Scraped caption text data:
* * * *

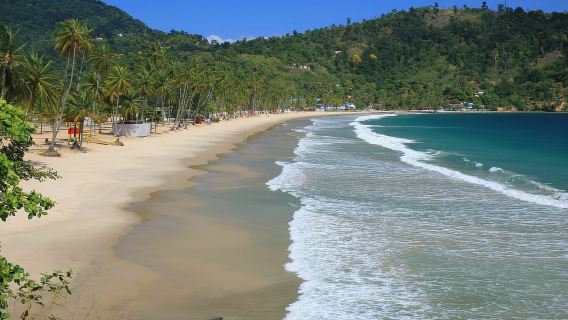 Trinidad: Rainforest Hike to Avocat Waterfall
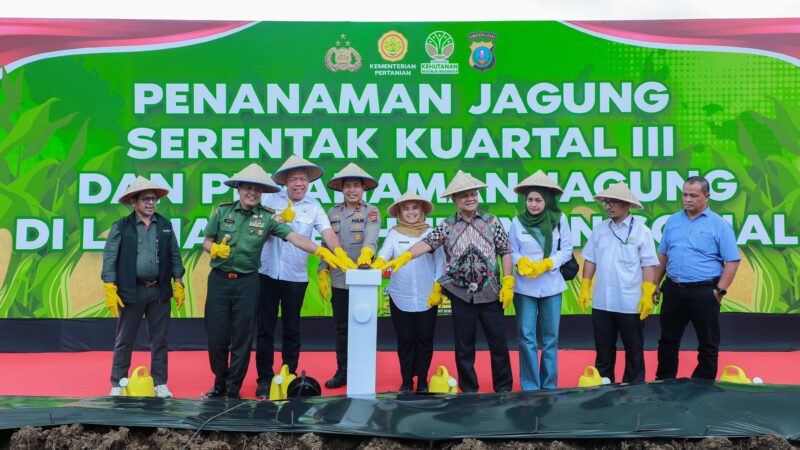 Polda Sumut Tanam Jagung Serentak, Targetkan 24 Ribu Ton Demi Swasembada Pangan 2025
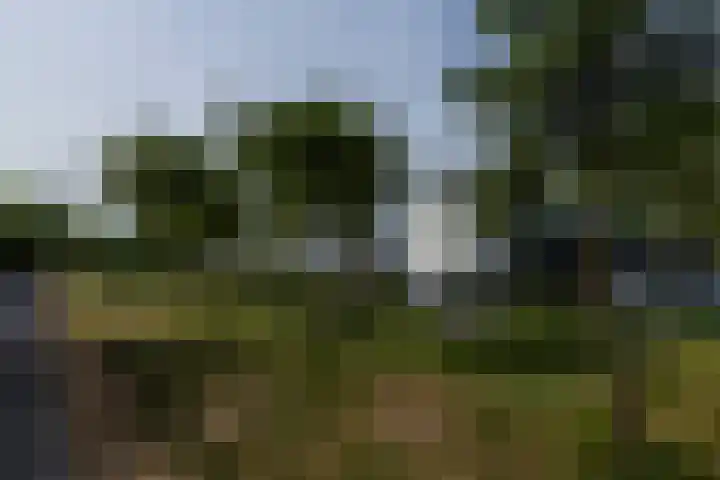 Siergaarde 12 Rijswijk thumbnail 31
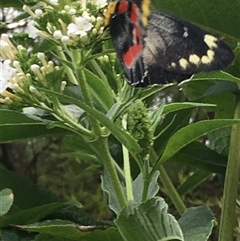 Delias harpalyce (Imperial Jezebel) at Lower Borough, NSW - 26 Jan 2025 by mcleana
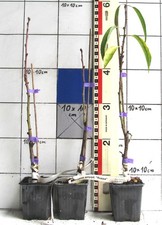 Prunus amygdalus rosea gebraucht kaufen  Bad Bergzabern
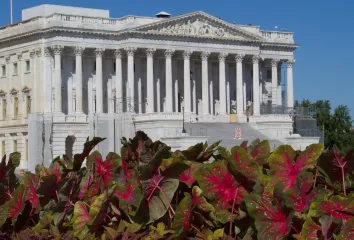 The Senate opposed Trump and voted for large-scale aid for Ukraine
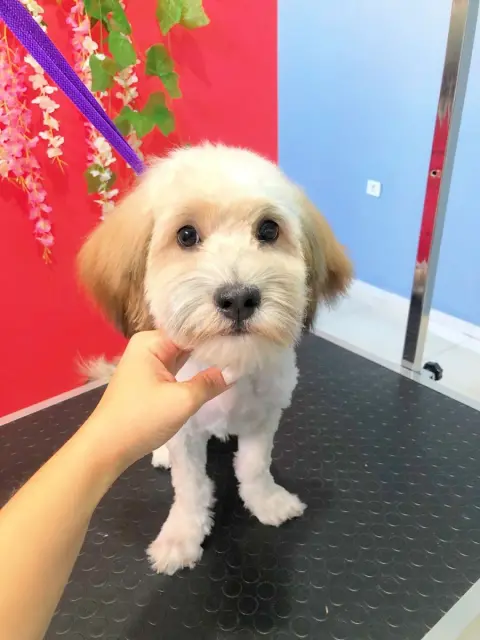 Zuzu Pet Kuaför - Diyarbakır Pet Kuaför fotoğraf 4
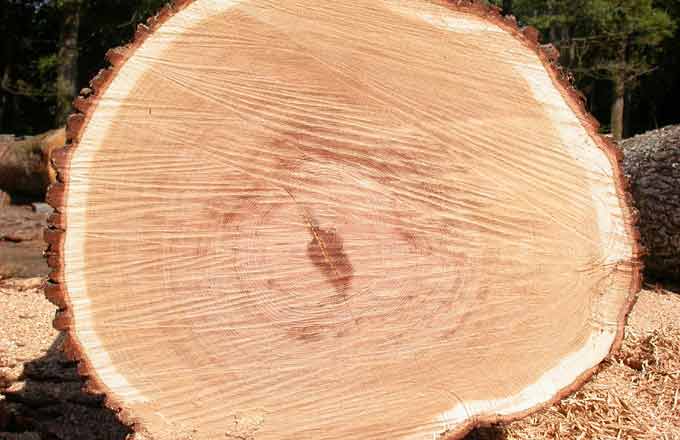 La récolte du bois de chêne progresse en 2016 dans les forêts françaises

* * * *

Problem description:
A word-for-word copy of all the data, without pictures, is the expected output.

Exercise solution:
 Trinidad: Rainforest Hike to Avocat Waterfall
 Polda Sumut Tanam Jagung Serentak, Targetkan 24 Ribu Ton Demi Swasembada Pangan 2025
 Siergaarde 12 Rijswijk thumbnail 31
 Delias harpalyce (Imperial Jezebel) at Lower Borough, NSW - 26 Jan 2025 by mcleana
 Prunus amygdalus rosea gebraucht kaufen  Bad Bergzabern
 The Senate opposed Trump and voted for large-scale aid for Ukraine
 Zuzu Pet Kuaför - Diyarbakır Pet Kuaför fotoğraf 4
 La récolte du bois de chêne progresse en 2016 dans les forêts françaises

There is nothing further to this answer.